Original found in an online diary at OpenDiary.com:

homecoming football game
10/15/2000

well friday night was my school’s homecoming football game. me and my friend lauren decided to go together and it turned out that jp and shannon needed a ride to the game. well the car ride was interesting. my mom and i easily found jp’s house and we made fun of shannon the whole time in the car and then jp said “i get laurne, no shannon, she might try to kiss me” well we got lost in heartland (a subdivision) looking for lauren’s house but we finaly found it…and then we got shannon.. we stuck her in the front seat lol.

we got to the game and of course, shannon left the second we got there to go find logan (rolls eyes, she’s so pathetic) she then whined and whinted aobut how he was w/ roxanne (this girl)

but overall it was fun….

then at the end of the night, jp was like “i wanna have sum people over” so i called my mom and just gave her sum tentative plans well shannon called hers and LIED her a** off and her mom caled mine and i couldn’t go cuz the skank lied so bad…pisses me off.

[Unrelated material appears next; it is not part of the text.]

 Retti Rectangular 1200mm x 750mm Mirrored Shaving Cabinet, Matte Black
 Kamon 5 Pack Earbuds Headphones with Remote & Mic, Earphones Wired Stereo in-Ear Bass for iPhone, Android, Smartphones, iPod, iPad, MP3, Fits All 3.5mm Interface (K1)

sometimes i wanna cut offo ur friendship, she is so selfish and ungiving it is real annoying.

gtg, lyl,

elise

ps..ugh the spell checker hates me

Submitted to The Daily Herald as part of a high-school class assignment. Not published in the paper. Note the sudden burst of coherency in the last sentence:

Dear, Editor

I fell that you guys shouldn’t tell actor’s lives on the newspaper because that is very mean and it is not right is I was an actor and you wrote something about me like you did about Eminem and his wife I would sew you because you have no business getting into there lives just because there actor’s. And it might destroy there cd sales and might even affect there marriage. So I think you guys should mind your own business and focus on writing things that could help the state.

The contributor says she found this letter under a pile of fallen leaves outside her apartment:

Brigette,

I thought I would wright you since I’ve seen this movie at least a hundred times. I’m really tired now. This morning I was still peppy but I’m not anymore - my peppiness is gone!! Don’t worry about the prom thing-if its meant to be it will be. And I know you don’t want to hear that because if your anything like me you hate hearing that. I hate leaving things up to chance. I’d rather think that I control my own destony. But I’m sure its a combination of both. What do you think? Do you think there is a pre-destoned plan for us? I have no clue. Too much thought for a movie day!! I’m so sick of couples-every time I look at one I get sick! Isnt that terrible. I know jelousy is bad but I just cant help it. I’m tired of waiting “You can’t hurry love - ho you just have to wait - she said love don’t come easy, its a game of give or take.” Don’t you just love how I break into song every time I write you!:)It makes me feel better. Anyway enough sulking for one day. P.E. elective was fun although my team lost pretty badly. Any time that you have Torrey and Brandon on the same team-which isn’t your team you know you are going to loose. I loose with Torrey anyway I cut it anyway. I had too much fun at prom. I decided. I wish that I would have had a terrible time that way it wouln’t be so hard. I thought I was over the whole thing. But having a good date seems to reserface feelings. But back to your situation - mine is growing tiresome. You like him - he like you - bust a move!! There is absolutlely nothing to loose because you know he likes you. You have the perfect situation - don’t waste it!! thats my opinion anyway!! if there is any chance in he double hockey sticks that two people can get together - they should do it. OK I have deffinately done enough preaching for one note!!:) But seriously do what you heart tells you too. And if people keep giving you a hard time - oh well. Who cares about them!!:) See you tonight about the dress!! Love ya!!